Predictor correlations and statistical power

Setting a correlation tells MCPower to generate two predictors that move together rather than independently, the way real predictors usually do (income and education, age and experience). This cuts both ways for power: shared variance gives each predictor less unique variance, so a main effect needs a larger sample to reach the same power — but it makes their product more variable, so an interaction often needs a smaller one. Only the strength \(|r|\) matters, not the sign.

Why correlation cuts both ways

The effect of correlated predictors on power depends on what you are testing:

Main effects — correlation reduces power. Shared variance means less unique variance per predictor, so standard errors grow.
Interaction effects — correlation increases power. Correlated predictors produce a more variable product term, and a more variable interaction is easier to detect.

Only the magnitude matters

The sign of the correlation (and of the effects) does not change this — only \(|r|\) matters. In a model with both main effects and an interaction, correlation creates a trade-off: the main effects want more observations while the interaction wants fewer.

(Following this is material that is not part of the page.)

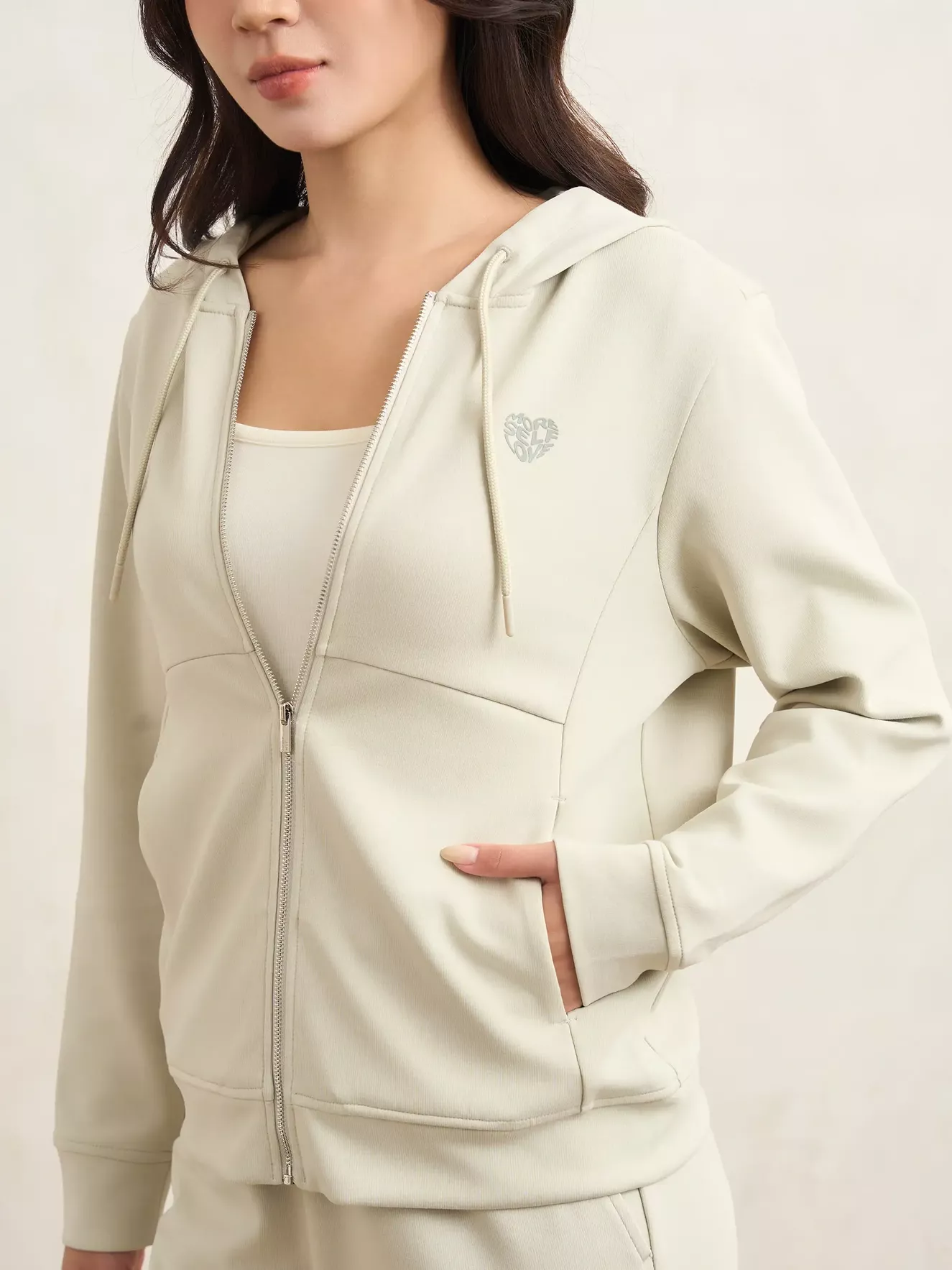 Áo Nỉ Khóa Nữ 5S Fashion Có Mũ In Basic Phom Regular WBAKN25013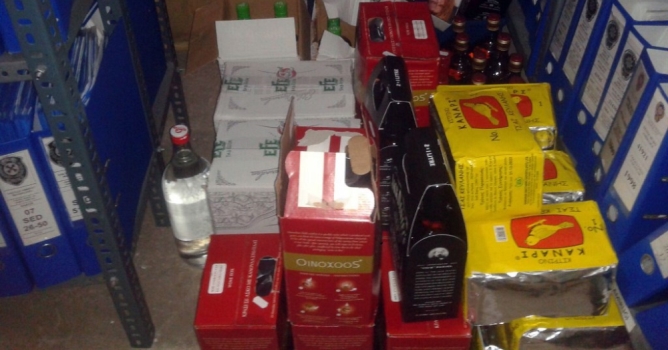 113 şişe kaçak içki ele geçirildi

MCPower generates correlated predictors and then transforms each to its target distribution while preserving the correlation structure.

A correlation you set yourself is treated as a latent (Gaussian) correlation — exact for normally-distributed predictors. When MCPower instead measures a correlation from uploaded data (partial mode), it targets the rank (Spearman) correlation of your data, not the Pearson one, because redrawing each predictor through its empirical shape preserves rank order rather than linear scale.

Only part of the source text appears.